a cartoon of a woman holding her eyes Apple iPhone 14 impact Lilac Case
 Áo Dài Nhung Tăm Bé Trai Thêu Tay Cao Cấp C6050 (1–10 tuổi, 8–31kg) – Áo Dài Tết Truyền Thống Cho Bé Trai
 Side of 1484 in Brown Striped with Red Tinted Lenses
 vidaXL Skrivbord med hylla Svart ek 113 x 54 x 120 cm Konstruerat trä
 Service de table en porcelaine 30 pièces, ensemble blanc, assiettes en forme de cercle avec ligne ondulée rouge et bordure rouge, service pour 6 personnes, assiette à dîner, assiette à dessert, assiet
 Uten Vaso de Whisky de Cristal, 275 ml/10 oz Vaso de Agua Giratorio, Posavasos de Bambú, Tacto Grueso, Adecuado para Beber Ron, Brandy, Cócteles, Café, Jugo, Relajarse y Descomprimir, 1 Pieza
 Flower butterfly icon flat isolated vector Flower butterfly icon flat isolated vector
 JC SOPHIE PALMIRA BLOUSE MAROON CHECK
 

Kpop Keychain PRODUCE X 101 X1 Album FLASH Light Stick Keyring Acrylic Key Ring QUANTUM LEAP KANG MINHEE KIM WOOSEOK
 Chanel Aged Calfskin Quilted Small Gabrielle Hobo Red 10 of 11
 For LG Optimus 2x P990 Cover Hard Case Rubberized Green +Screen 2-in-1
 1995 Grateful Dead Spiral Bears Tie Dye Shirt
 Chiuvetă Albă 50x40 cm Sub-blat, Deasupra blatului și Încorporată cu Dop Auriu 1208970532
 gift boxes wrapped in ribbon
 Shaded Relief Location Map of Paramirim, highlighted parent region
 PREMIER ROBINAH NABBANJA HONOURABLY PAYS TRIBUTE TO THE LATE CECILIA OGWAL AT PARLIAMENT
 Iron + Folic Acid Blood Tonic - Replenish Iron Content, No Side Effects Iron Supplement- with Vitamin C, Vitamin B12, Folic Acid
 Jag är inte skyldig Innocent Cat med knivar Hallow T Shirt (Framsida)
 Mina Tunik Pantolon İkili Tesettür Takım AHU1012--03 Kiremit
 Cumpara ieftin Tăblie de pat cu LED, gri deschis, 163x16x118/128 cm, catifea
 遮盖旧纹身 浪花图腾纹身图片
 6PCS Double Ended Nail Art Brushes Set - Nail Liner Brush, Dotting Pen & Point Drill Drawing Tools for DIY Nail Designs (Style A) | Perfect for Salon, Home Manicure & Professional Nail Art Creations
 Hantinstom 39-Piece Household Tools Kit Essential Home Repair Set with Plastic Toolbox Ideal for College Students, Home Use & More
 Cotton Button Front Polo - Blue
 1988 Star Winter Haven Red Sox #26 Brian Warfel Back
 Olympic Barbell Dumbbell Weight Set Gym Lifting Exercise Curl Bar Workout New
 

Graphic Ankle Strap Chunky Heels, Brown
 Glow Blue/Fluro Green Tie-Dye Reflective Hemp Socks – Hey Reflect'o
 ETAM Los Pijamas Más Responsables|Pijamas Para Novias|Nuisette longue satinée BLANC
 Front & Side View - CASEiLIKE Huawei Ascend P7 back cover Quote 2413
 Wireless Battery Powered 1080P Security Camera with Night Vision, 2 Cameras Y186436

################

| TASK |
Copy only this part of the entries above: the line with "Chiuvetă Albă 50x40", the line with "Iron + Folic", and the lines between, all exactly as written.

| RESPONSE |
 Chiuvetă Albă 50x40 cm Sub-blat, Deasupra blatului și Încorporată cu Dop Auriu 1208970532
 gift boxes wrapped in ribbon
 Shaded Relief Location Map of Paramirim, highlighted parent region
 PREMIER ROBINAH NABBANJA HONOURABLY PAYS TRIBUTE TO THE LATE CECILIA OGWAL AT PARLIAMENT
 Iron + Folic Acid Blood Tonic - Replenish Iron Content, No Side Effects Iron Supplement- with Vitamin C, Vitamin B12, Folic Acid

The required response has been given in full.